Tuesday, January 8, 2013

We are Children of God!

It was a warm, sunny morning and only my shear excitement could have gotten me up and out of bed at the bright and early hour of seven a.m. However, I was about to embark on the adventure of a lifetime, and I had no time to waste. I made good time loading all of my worldly possessions in my tiny, yellow Ford Festiva. It took me all of 30 minutes. I then went inside to wait for my parents to come home from their morning walk so I could say good-bye. I would then get on the road, finally heading towards the long awaited college scene!

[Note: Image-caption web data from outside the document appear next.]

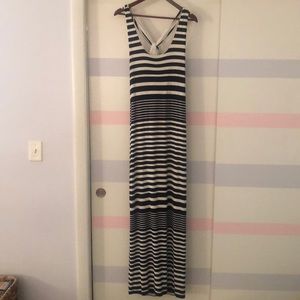 Navy and White Striped Maxi Dress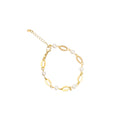 Oval Charm Link Pearl Bracelet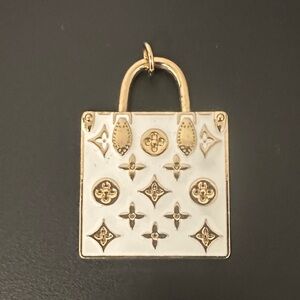 Gold and Cream Louis Vuitton UpCycled Charm Pendant. Stamped on the Back. NWOT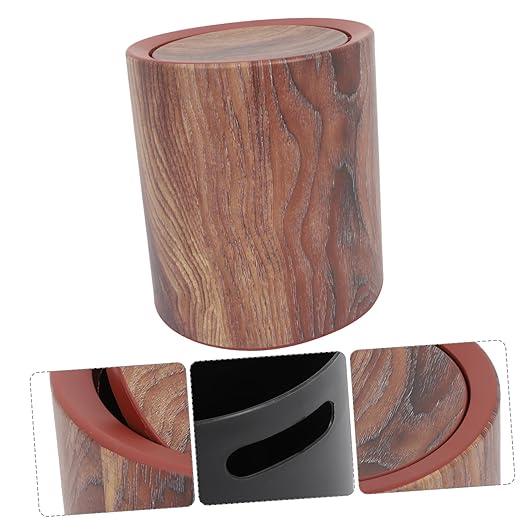 Garneck Elegant Wood Grain Pedal Trash Can Swing Lid Kitchen Garbage Can Bathroom Waste Basket Imitated Wood Pail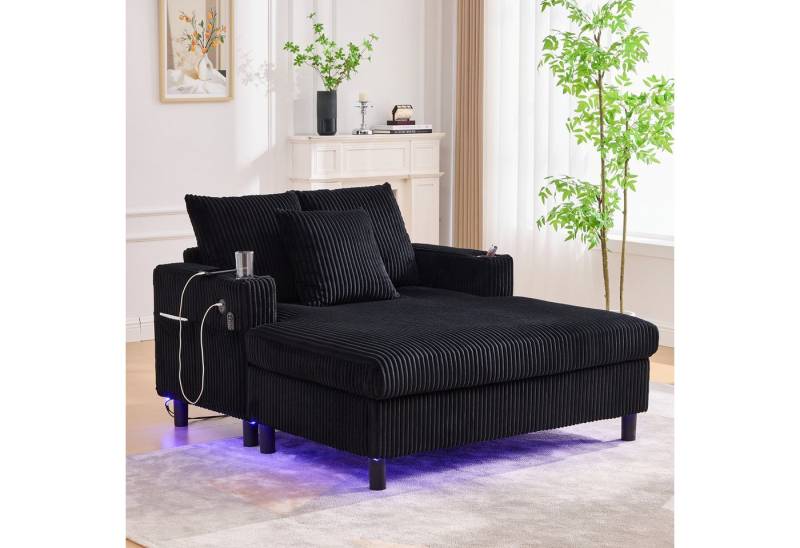 MODFU Loungesofa mit USB-Anschluss & Getränkehalter, ergonomisch, Übergroßer LED-Chaiselongue-Sessel,Polsterstuhl von MODFU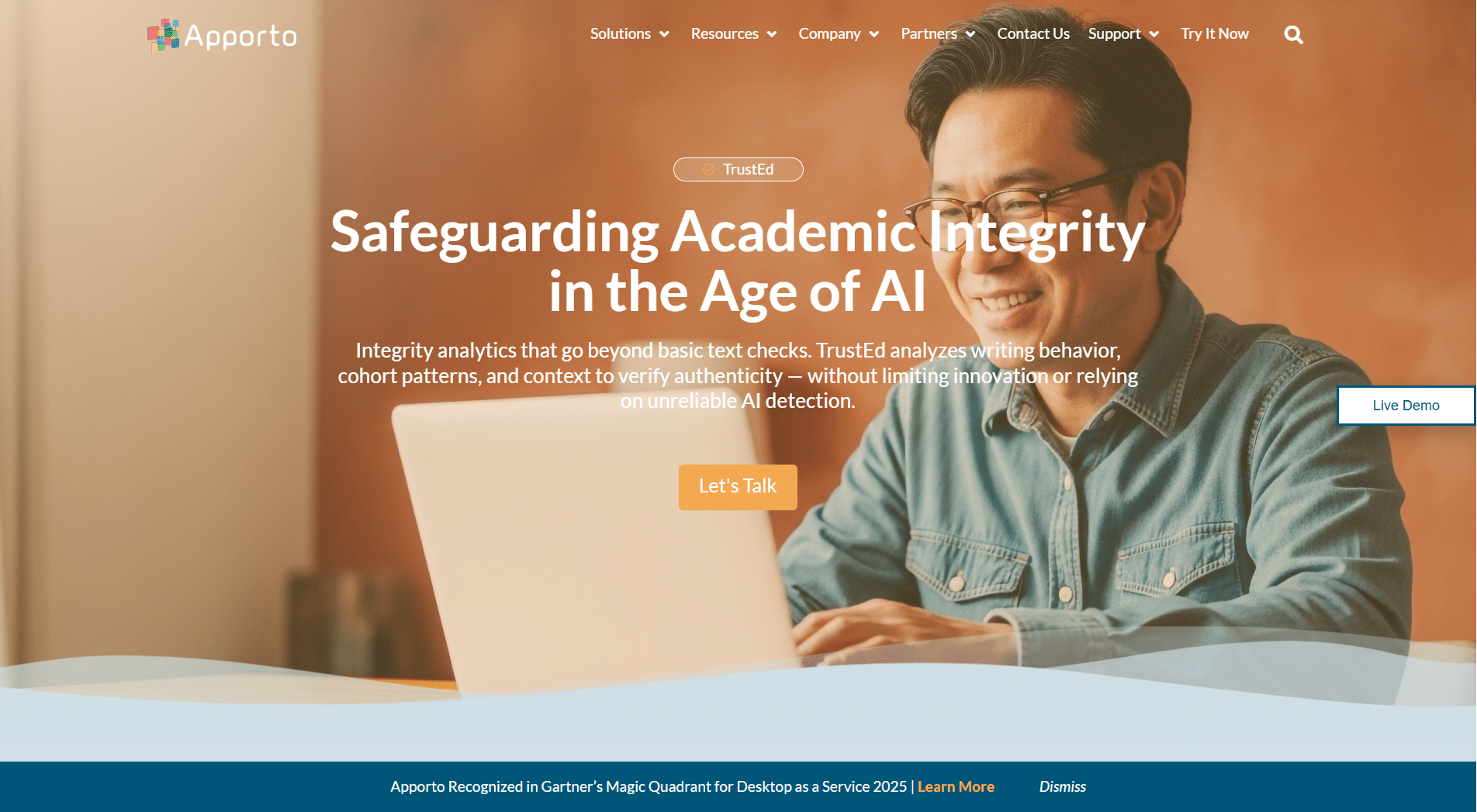 Apporto’s TrustEd platform showing “Safeguarding Academic Integrity in the Age of AI” with a man using a laptop and a “Let’s Talk” call-to-action button.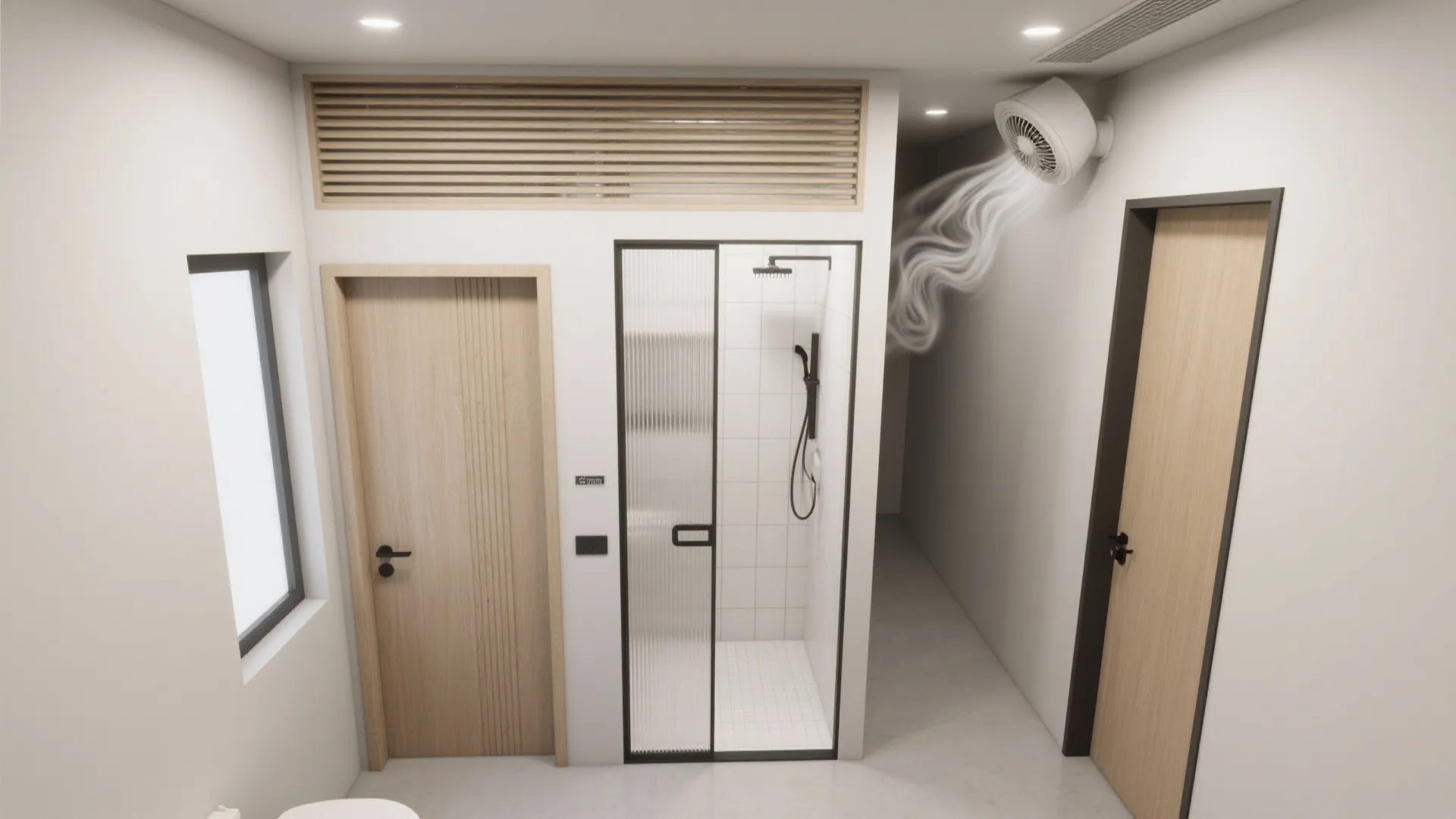 Bathroom interior design drawing with shower glass door wooden doors and a small white fan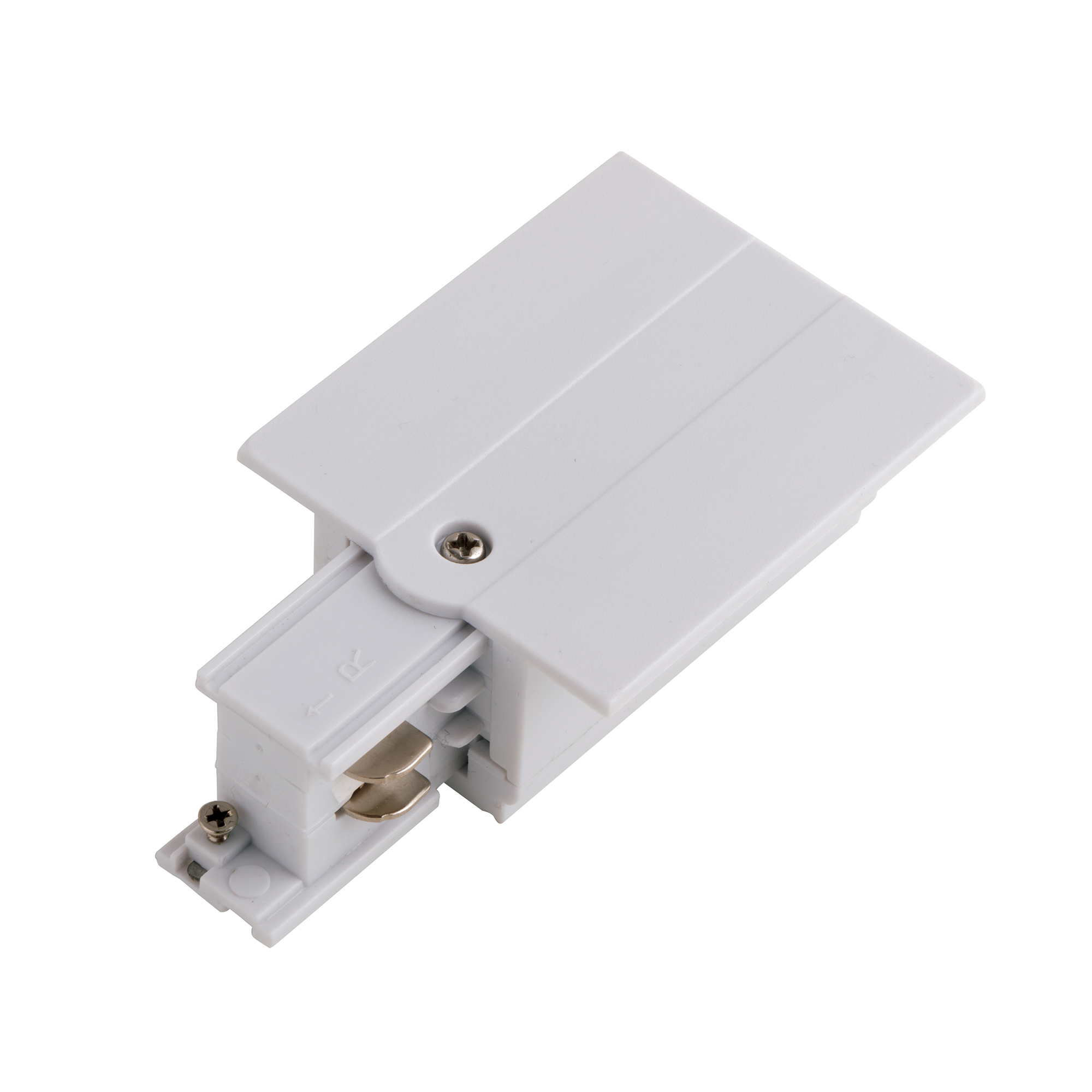 Right power feed for white recessed three-phase track - Intec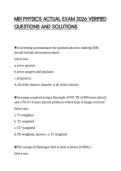 MRI PHYSICS ACTUAL EXAM 2026 VERIFIED &NewLine;QUESTIONS AND SOLUTIONS 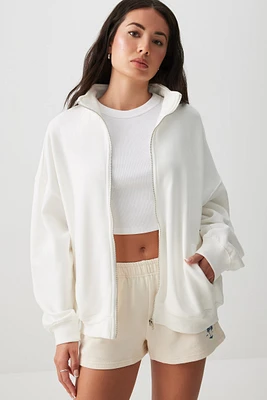 Ardene Mock Neck Zip Up Sweatshirt in White | Size | Polyester/Cotton | Fleece-Lined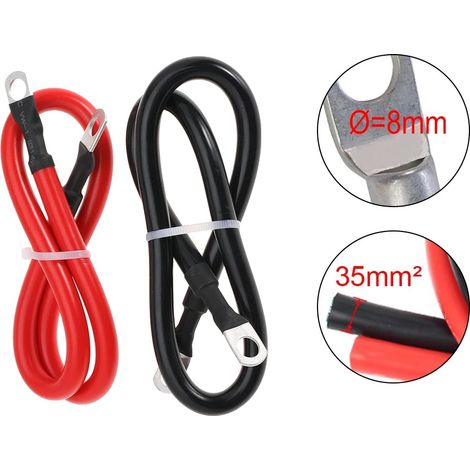 Cavo di collegamento batteria, filo di rame intrecciato, capocorda resistente, 2WAG 35mm-30CM (1/2)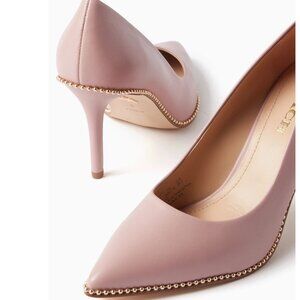 Coach Waverly Beadchain Studded Leather Pumps Light Rose Pink Size 5.5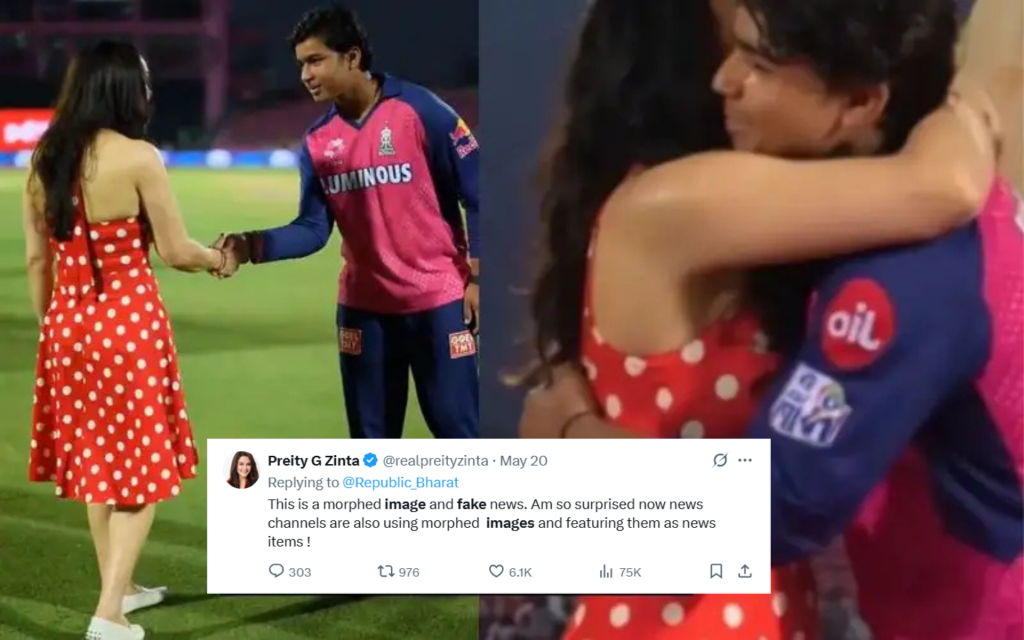 Preity Zinta slams fake image with Vaibhav Suryavanshi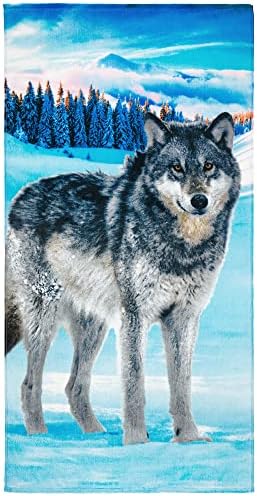 Плажна кърпа Grey Wolf 30 x 60 см от памук (30 x 60, Lone Wolf)
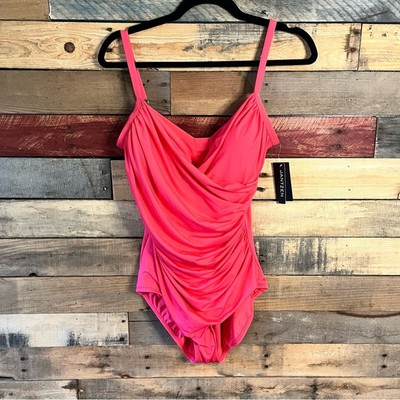 Jantzen Pink Ruched One Piece Swimsuit Size 12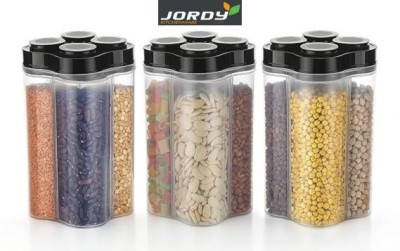 JORDY Plastic Grocery Container  - 2500 ml(Pack of 3, Black)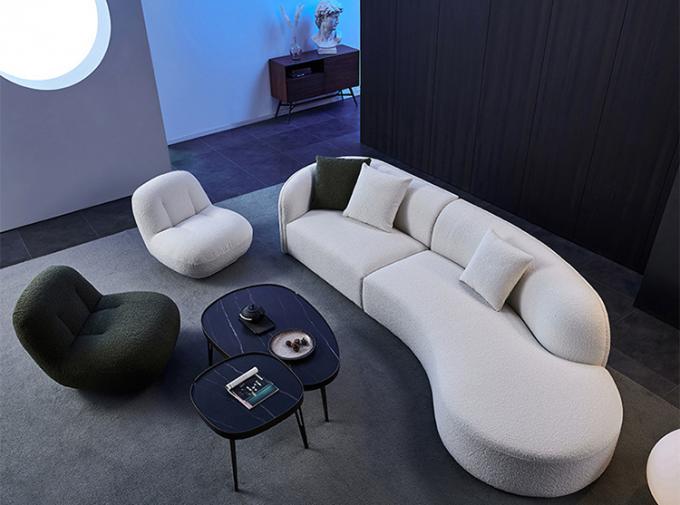 Italian minimalist fabric lamb velvet sofa set shaped curved light luxury Nordic modern corner sofa bed 3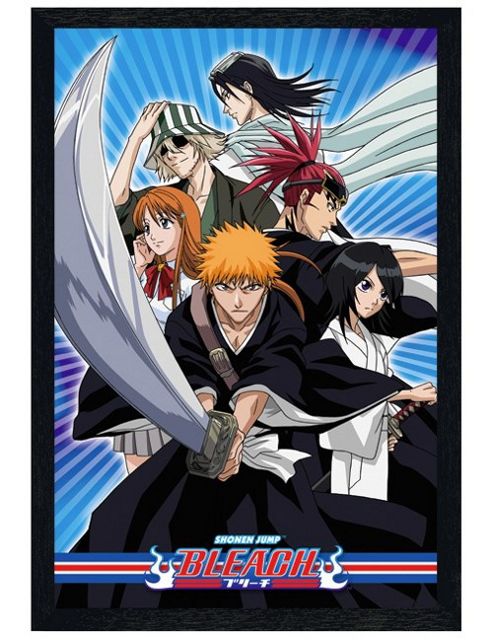 Image of Black Wooden Framed Shonen Jump Bleach Poster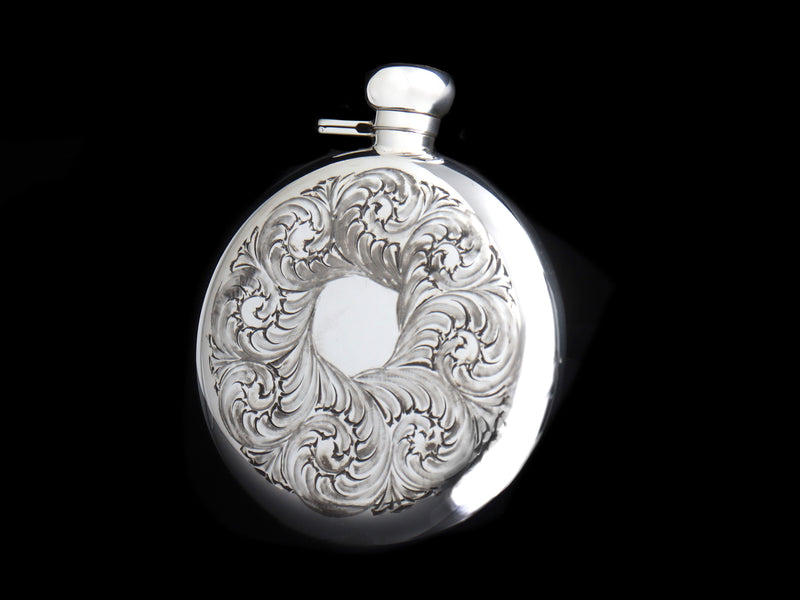 Round Flask & 14k Gold Shield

I was inside fiddling on the computer when I heard a ruckus outside. When I got up to see what was going on I saw my father pulling out all of my suitcases and putting them on the sidewalk next to my car.

"What are you doing?" I asked as I rushed forward to stop him.

"I changed my mind. You can’t go," was his reply. I gave an exasperated sigh and started piling the luggage back into the car.

"You knew it was coming and you can’t change your mind," was my callous reply to his heartfelt statement of gloom over his only daughter leaving the roost.

After I got the luggage back in the car, we went into the house to say good-bye and my dad had me sit down while he told me how sad he was for me to go. Yet he also needed me to know how proud of me he was. I was off to new experiences and memories and he was excited for that too.
He told me all about how he wished he could be a "mouse in my pocket" and see everything I saw. He wanted me to have a good time and to enjoy the journey, even during the hard times.

I remember thinking about the "mouse in my pocket" the whole six hour drive to School. I often wanted to stop and take a picture of the different places on the road so he could have a mouse’s view. I stopped myself though. I knew he had driven this drive before and that was not what he wanted to see with me. He just didn’t want to let me go yet. He knew I needed experiences to grow and shape me but it didn’t stop him from being a father.

I often think about that day when I am facing different experiences in my life. I think of a loving father who wants to be part of my life but understands that part of that life is rising and falling on my own. I also think about how much I wanted to share my experiences with him because knowing he loves me makes me want to include him the whole way. I also think about my relationship with Heavenly Father and how it might be pretty close to the same thing.

God’s purpose is "to bring to pass the immortality and Eternal life of man" (Moses 1:39). He wants us to be able to grow and to have the kinds of experiences we need in life to become like Him. Just like any father, I imagine that He had a hard time letting us go. But we needed the experience, He knew it was coming, and I know that at some point before our entrance into this world He sat us down and talked to us about the experiences we would have. D&C 138: 56 says: "Even before they were born, they, with many others, received their first lessons in the world of spirits and were prepared to come forth in the due time of the Lord to labor in his vineyard for the salvation of the souls of men."

Like my father, He told us how much He loved us and how our earth life would help us grow. He did this hoping that we would have the faith to believe in His love and in a sense, let Him be a mouse in our pocket through a relationship gained through study and prayer.

I know that this life is fun, it’s hard, it’s long, and it’s a blink of an eye. It is everything good and bad that shapes us. But we are never alone if we remember that we have a loving Heavenly Father who wants us to be the best we can be "prefect, even as your Father which is in heaven is perfect." (Matt 5:48). And even more than that He prepared us for this and we always have the ability and responsibility through our love for him to let him into our lives. What a blessing! We are Children of God!